Problem requirements> Your answer must be an exact repeat of the lines from the one containing "8700 Ivy Ave, Saint Louis, MO 63123" through the last line of the records, both included, with no pictures.

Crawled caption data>
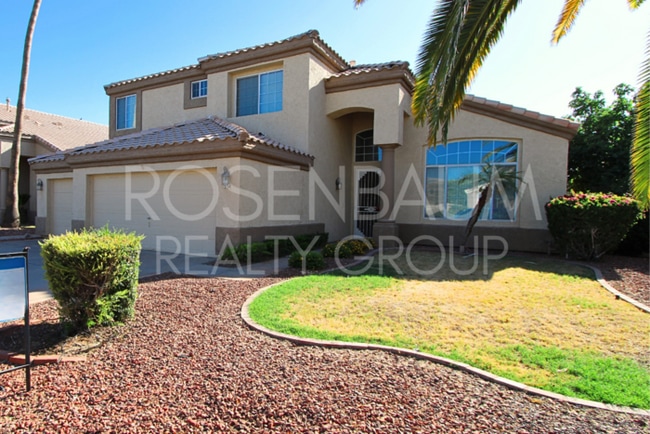 Photo - 5-beds, 3-baths Waterfront home in Gilbert...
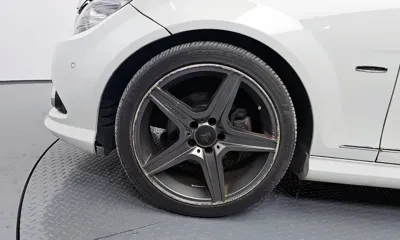 Mercedes-Benz C-Class 2010, 130057 км, за 2496.06 USD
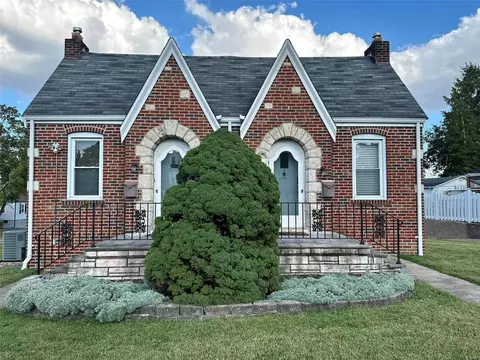 8700 Ivy Ave, Saint Louis, MO 63123
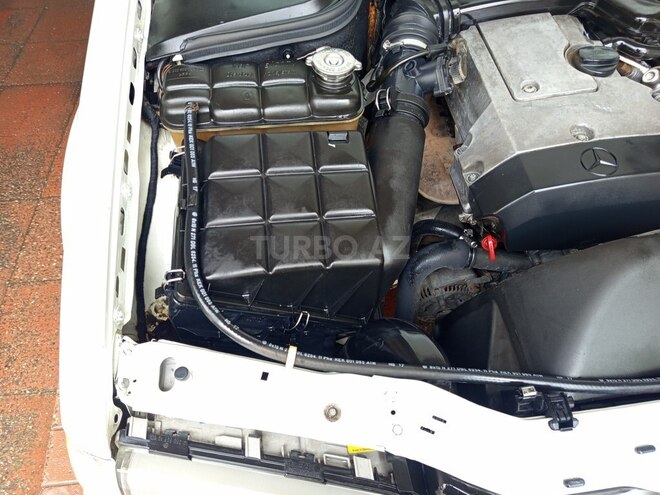 Mercedes C 200 1995, 228,000 km - 2.0 л - Bakı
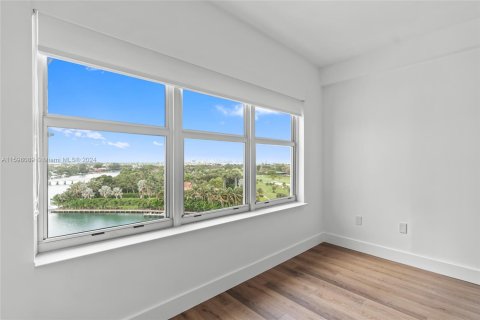 Condominio en venta en Bay Harbor Islands, Florida, 1 dormitorio, 106.84 m2 № 1215708 - foto 12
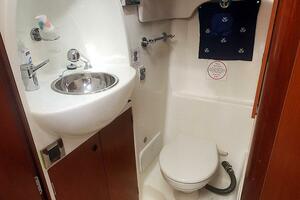 Kissed Some Frogs 42ft Beneteau Yacht For Sale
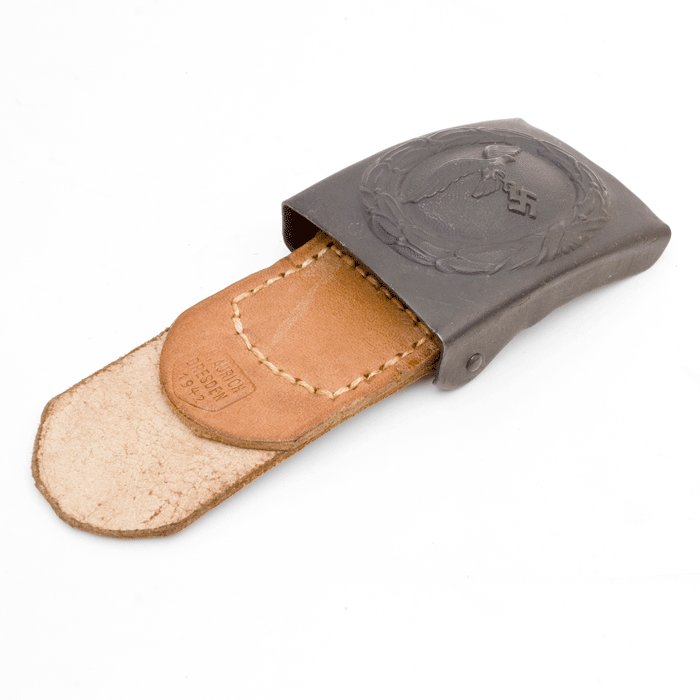 SPA9 Mint Luftwaffe EM belt buckle with brown leather tab — image 3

Output below>
 8700 Ivy Ave, Saint Louis, MO 63123
 Mercedes C 200 1995, 228,000 km - 2.0 л - Bakı
 Condominio en venta en Bay Harbor Islands, Florida, 1 dormitorio, 106.84 m2 № 1215708 - foto 12
 Kissed Some Frogs 42ft Beneteau Yacht For Sale
 SPA9 Mint Luftwaffe EM belt buckle with brown leather tab — image 3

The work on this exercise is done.